De Milton à l’homme des berges
Le premier motif qui se dégage de la chanson est évidemment celle de ce meurtrier véritable qui agit en lieu et place d’un dieu vengeur. Le titre est emprunté à un extrait du Paradis Perdu de Milton qui lui même reprend une expression utilisée (en latin) dans les Odes d’Horace et qui s’énonce ainsi :
« C’est assez à présent pour notre Père, assez
de neige et de grêle funeste envoyée sur la terre,
et de sa main rougeoyante frappant les hauteurs sacrées,
c’est assez de terreur pour Rome,
Iam satis terris niuis atque diræ
grandinis misit Pater et rubente
dextera sacras iaculatus arces
terruit Vrbem.. »
La référence à Milton est en fait assez incertaine (« And plunge us in the flames; or from above Should intermitted vengeance arm again His red right hand to plague us? « ) et semble renvoyer à Jésus lui-même, tandis que la version d’Horace paraît plus proche de celle de Cave, plus saignante et agressive que ne l’est celle de Milton. D’aucuns ont identifié également une référence au moins aussi intéressante chez le poète Buchanan et son Man of The Red Right Hand qu’on peut lire ici et qui illustre bien l’ambiguïté véhiculée par Cave entre la main saignante de l’égorgeur, du meurtrier et celle du dieu vengeur. Le développement qui est celui de la chanson vise assez classiquement à donner de la valeur à ce qui ne serait sinon qu’un sale tueur en lui attribuant les pouvoirs spectaculaires d’un grand prêtre ou d’un dieu. La confusion entre la main qui égorge et celle qui punit est fabuleusement rendue par Cave et crée une forme de tension érotique assez insoutenable qui s’exprime tout du long du poème/morceau. Le tueur ne tue pas tant pour tuer que pour venger ou honorer, pour sacrifier. Il tue une victime innocente (peut-être) mais suggère (de façon très chrétienne) que ce veau d’holocauste (ou boeuf) a des choses à se reprocher (un désir, une attitude consentante qui le mène à suivre ce drôle de personnage au delà du chemin de fer, par delà le pont).

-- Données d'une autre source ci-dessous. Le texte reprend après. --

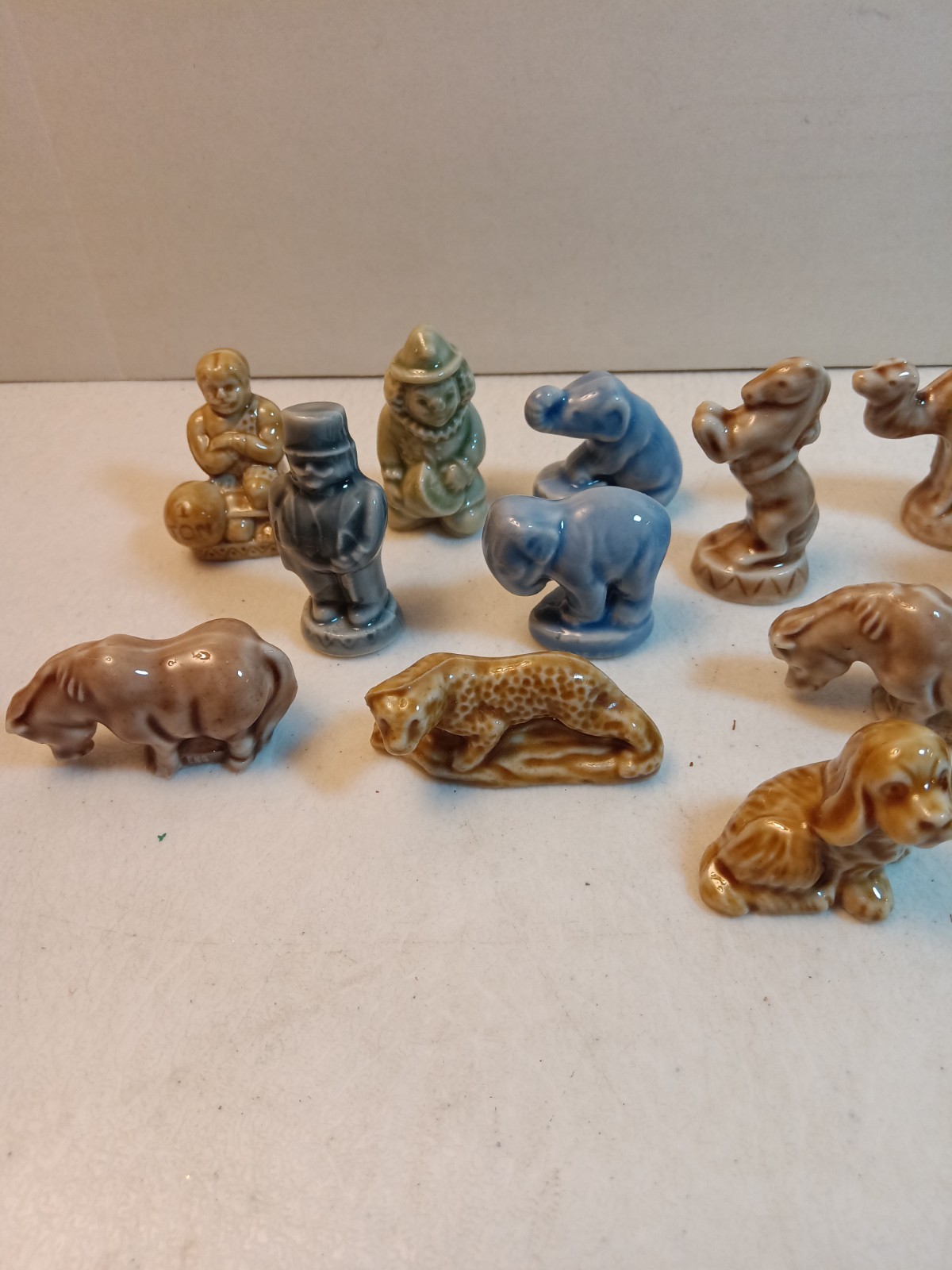 Vtg. Wade Rose Tea Whimsies Lot Of 21 Mixed Ceramic Miniatures Animals + Circus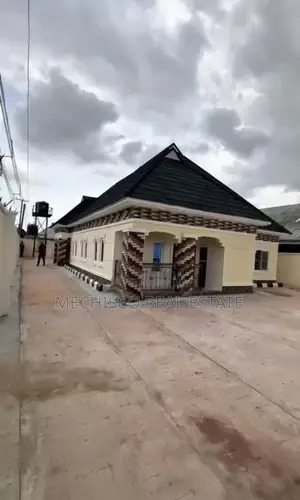 2bdrm Bungalow in Rumuduru for rent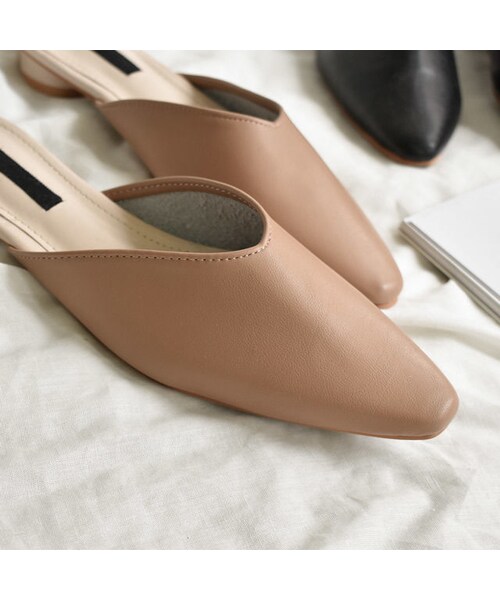 Lavish Gate（ラヴィッシュゲート）の「shoes-02056　フェイクレザー　ポインテッドトゥミュール　パンプス　ヌードカラー　ブラック（パンプス・レディース・その他）」の11枚目の写真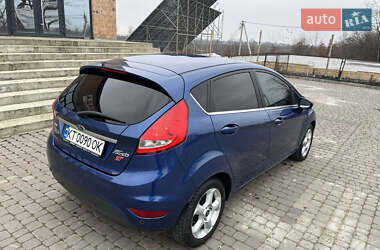 Хэтчбек Ford Fiesta 2009 в Снятине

Les observateurs pourront considérer ainsi que Red Right Hand est une version un peu trash et qui finit mal de This Charming Man de The Smiths.
Cette idée d’un type grand et un brin menaçant mais aussi attirant qui vous cueille à la périphérie de la ville pour vous proposer de l’argent (« You don’t have no money?/ He’ll get you some/You don’t have no car?/He’ll get you one ») est assez troublante et renvoie à des scènes bien connues du XIXe siècle de prostitution masculine ou féminine, pour de l’argent et l’encanaillement du bourgeois. La version de Nick Cave ne brille pas par son érotisme mais on peut mettre en avant ce passage qui ne laisse pas beaucoup place au doute.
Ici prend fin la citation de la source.